─── Information supplied ───

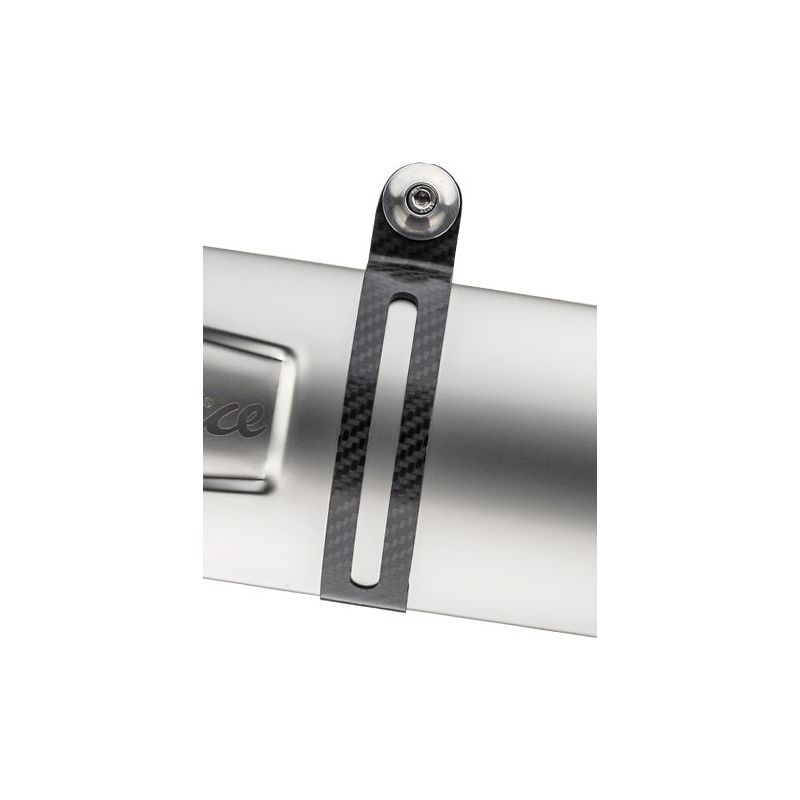 LE306960505R Fascetta silenziatore carbonio UNIVERSALE 0 0 0 LEOVINCE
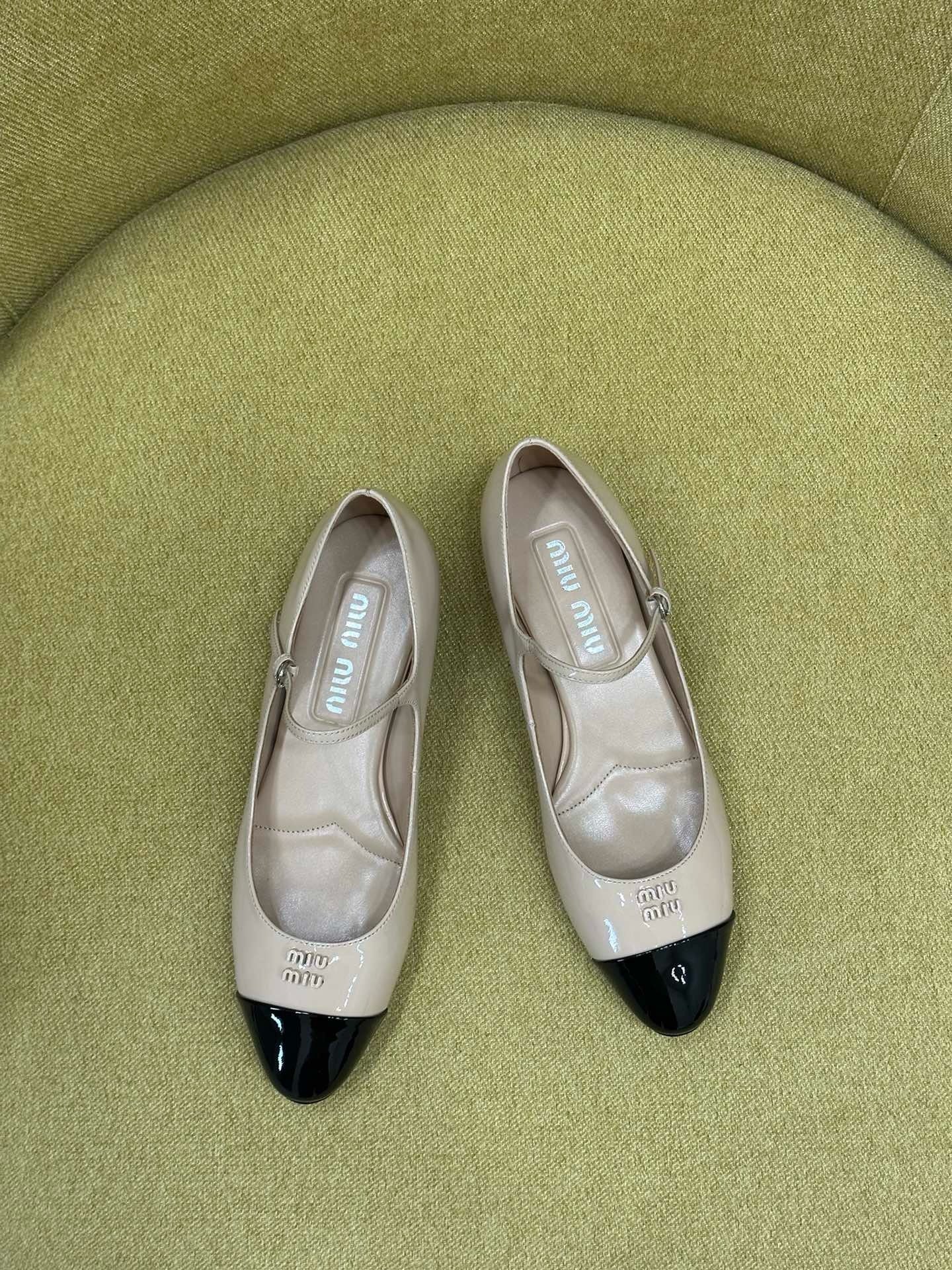 MIU MIU HEELS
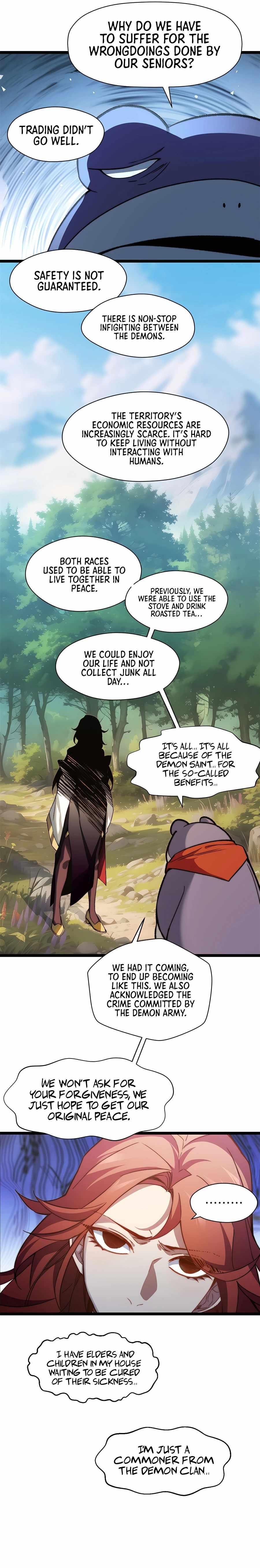 Secretly Cultivate For A Thousand Years Chapter 129 - Page 4 in English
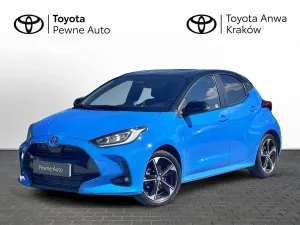 Toyota Yaris IV Hybrid 1.5 Premiere Edition 2024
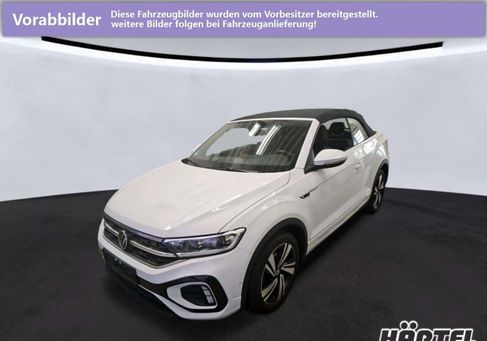 Volkswagen T-Roc, 2022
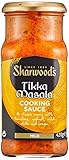 Sharwoods Salsa Orient Tikka.Massala Vdr 420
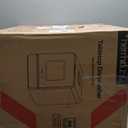 Hermitlux Countertop Dishwasher, 6 Wash Programs Slim Size Portable Dishwasher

───

> Exercise directions
Type the entries above out again exactly, with no pictures.

> Completed task
 LE306960505R Fascetta silenziatore carbonio UNIVERSALE 0 0 0 LEOVINCE
 MIU MIU HEELS
 Secretly Cultivate For A Thousand Years Chapter 129 - Page 4 in English
 Toyota Yaris IV Hybrid 1.5 Premiere Edition 2024
 Volkswagen T-Roc, 2022
 Sharwoods Salsa Orient Tikka.Massala Vdr 420
 Hermitlux Countertop Dishwasher, 6 Wash Programs Slim Size Portable Dishwasher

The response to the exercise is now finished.